The highly experimental and stimulating art works using multimedia and installations are inspired by the plight of Ethiopian immigrants.
Installation of wooden boats and standing oars in the center of the room of the exhibit highlight the show’s theme. The standing oars represent the people waiting for the boats. The flat and broad heads of the oars covered with cloth, newsprint, glittering stones, and plastic keyboard plastic letters represent people from all walks of life-rich, poor, intellectuals,-waiting to migrate.
The boats take off from the other corner, a file of them, getting progressively smaller as they go higher and higher in semi circles, until they reach the vanishing point. When we stand at the corner it’s the journey of a single boat we that gets smaller and smaller as it goes further away from us. The smallest of the boats arranged in circles close to the ceiling are spindles used by Ethiopian weavers, the mewer woriya, shaped like little boats. The spindle as boat and the material used on the heads of the oars, the waiting people, are used in the multimedia paintings, the other art works in the center room to show.
In the first room of the exhibit stand three wooden sculptures on one end and on the other, a row of five paintings in wood and collage entitled Basahger or Beyond. The wooden sculptures are clusters of long wooden rods in the weaver’s loom around which the threads winds. Held together by brass bands, they give the impression of a family or a community of the migrating people. The Beyond series at the other end consisting of five paintings using wood, collage and acrylic develop the theme of migration as the bird’s nest in the right hand corner of the paintings get progressively thinner and smaller indicating vanishing support structures in the home country and finally the immigrant flight. The collage is made of old newsprint taken from mud walls of demolished houses, of smoked paper from the mudbet, the kitchens.Graduating from the Addis Ababa Fine Arts School in 1981-82, Behailu Bezabih opted to teach art in a school in stead of going to one of the socialist countries like many of the artists and art school graduates of his time. Slowly he opened himself to children’s forms of expression and their art and let his work absorb their playfulness that unceasingly gives his critical perspectives of the world he lives in and his understanding of the human predicaments a whole new depth and angle.
Over the years his use of the collage, acrylic, wood, metal, used materials and multimedia in the art work has widened his range of expression and creativity. Perhaps this is why Behailu Bezabih is one of the Ethiopia’s most important artists, having done over 30 independent exhibits and several group exhibits in Ethiopia, Paris, Kenya, South Africa, Berlin, Ireland, New York and Ohio.

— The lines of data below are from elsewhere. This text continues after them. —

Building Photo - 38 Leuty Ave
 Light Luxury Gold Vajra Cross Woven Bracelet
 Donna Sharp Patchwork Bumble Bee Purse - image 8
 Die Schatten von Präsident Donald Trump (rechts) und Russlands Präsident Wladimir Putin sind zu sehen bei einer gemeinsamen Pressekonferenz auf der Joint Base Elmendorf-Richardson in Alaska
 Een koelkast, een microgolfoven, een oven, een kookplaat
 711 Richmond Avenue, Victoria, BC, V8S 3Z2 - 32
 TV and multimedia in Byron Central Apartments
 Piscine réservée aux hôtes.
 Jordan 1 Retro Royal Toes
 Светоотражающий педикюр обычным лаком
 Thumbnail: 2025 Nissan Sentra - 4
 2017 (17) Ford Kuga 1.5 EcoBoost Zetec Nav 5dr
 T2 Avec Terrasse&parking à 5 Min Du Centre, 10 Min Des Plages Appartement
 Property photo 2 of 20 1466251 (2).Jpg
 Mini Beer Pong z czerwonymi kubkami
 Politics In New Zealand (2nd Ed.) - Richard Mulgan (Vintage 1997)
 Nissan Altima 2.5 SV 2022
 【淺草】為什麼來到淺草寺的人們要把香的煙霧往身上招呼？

Like the view of the vibrant Piazza from his condominium apartment and studio, Behailu’s art is warm and energetic with life. And liked the view of many layers of the city’s life, from the shacks of Merkato to Sheraton and the mountains beyond, his work is introspective of the nuances of his surroundings. Like the spirit of children’s art he daily interacts with, his work is full of surprises and playfulness. All of this comes together in the art work of Wodi enna wedih where he uses new mediums and forms, the Ethiopian weavers’ spindle and the wooden rod from the loom to create multiple meanings. The movement of their spindle, the mewer Wariya dancing from one end of the loom to other, moving from here t there, gives the rhythm for the people’s movement, its broken boat-like form, their drifting lives.


( Photos courtesy of Ayda, from Alliance éthio-française)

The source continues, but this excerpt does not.